Since no one is willing to tell me of any squats in califonria,can you at least tell me in which American city is it easiest to get government housing? meaning which city has the lowest waiting list and rental costs? Thanks.


----------



## FolkYouDad (Apr 24, 2012)

From what I hear Minnesota has alot of programs to help out people with employment and housing. I don't know any details specifically, but it's probably something worth looking into.


----------



## scatwomb (Apr 24, 2012)

zaman_27 said:


> Since no one is willing to tell me of any squats in califonria,can you at least tell me in which American city is it easiest to get government housing? meaning which city has the lowest waiting list and rental costs? Thanks.


 
It's funny that you're not asking about squats in other cities, just government housing. 

FolkYouDad is right - Minnesota has good social services. That's why they're so healthy and highly educated. They're also incredibly passive aggressive, unfriendly and cliquey - that, however, is an entirely different story. 

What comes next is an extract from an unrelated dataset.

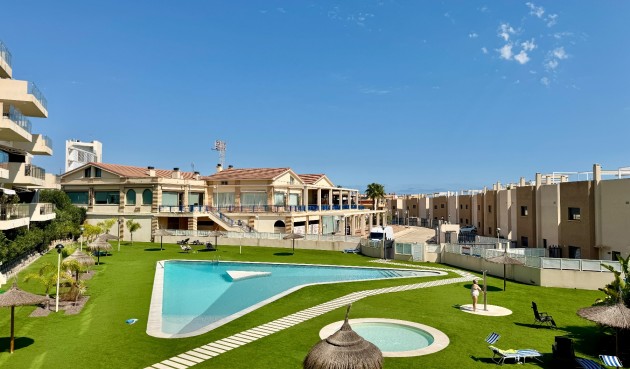 Reventa - Apartment -
Orihuela - Inland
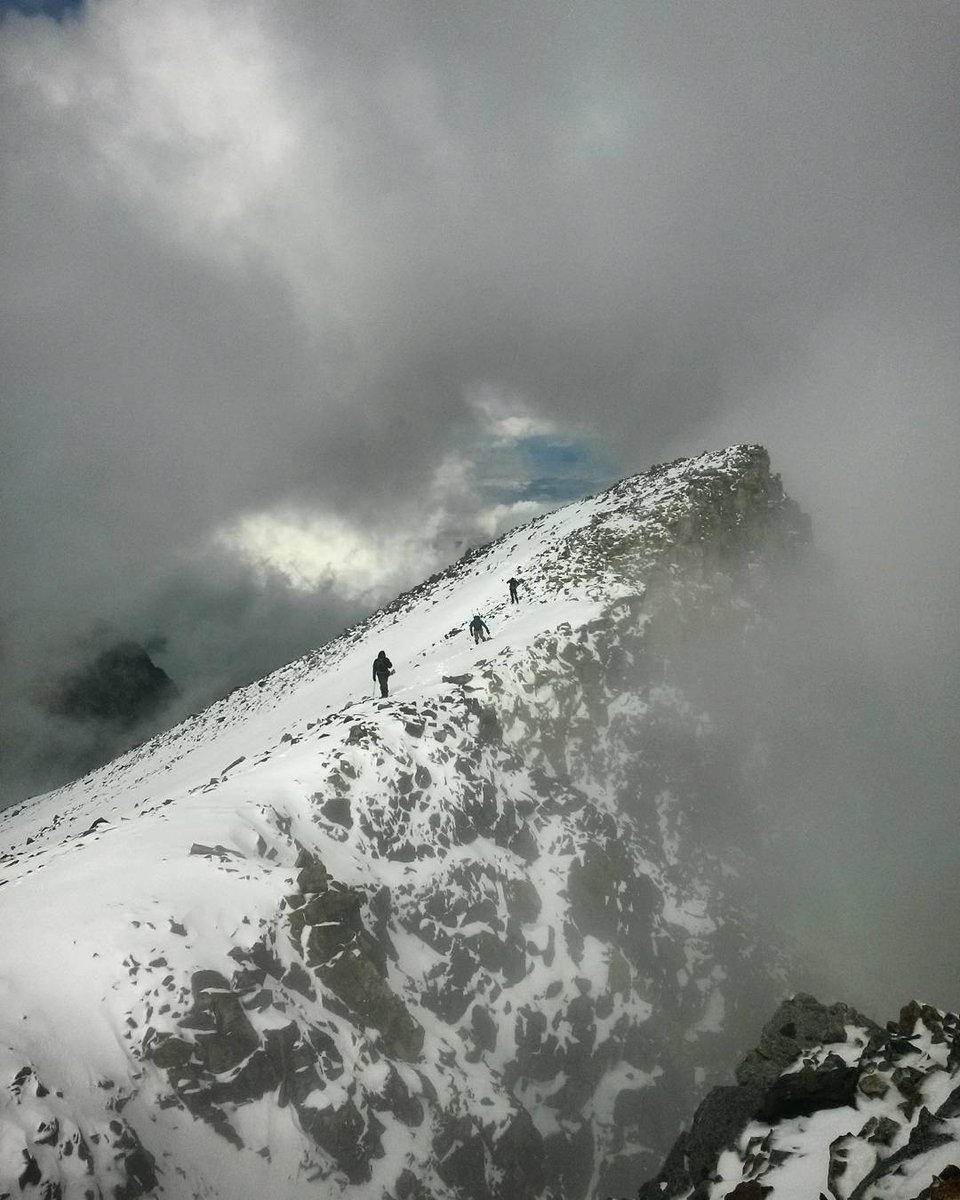 ColoradoHikes's tweet photo. PC: robfu 13,600ft Powering our way up to Split Mountain 10-17-15 #SplitMountain #14er #Norโฆ https://t.co/1oY3D9xKZQ https://t.co/QgNqUnMGFd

You should go squat in the Redwoods - just go up towards Eureka. Everyone's doin' it.


----------



## zaman_27 (Apr 29, 2012)

what does passive aggressive mean?
reason I'm not asking for any squts in other cities, is coz nobody will tell me, as they're paranoid


----------



## Pheonix (Apr 29, 2012)

zaman_27 said:


> what does passive aggressive mean?
> reason I'm not asking for any squts in other cities, is coz nobody will tell me, as they're paranoid


 
passive aggressive means the state of Minnesota lets the winter take care of their homeless problem.


----------



## scatwomb (Apr 30, 2012)

http://www.urbandictionary.com/define.php?term=passive aggressive

also see the first definition of "Minnesota nice":

http://www.urbandictionary.com/define.php?term=minnesota+nice


----------



## bryanpaul (Apr 30, 2012)

i've never tried to get government subsidied housing but i know seattle has a pretty good list of homeless services .....compared with other cities i've been it seemed like there was alot of help to be had there.......


----------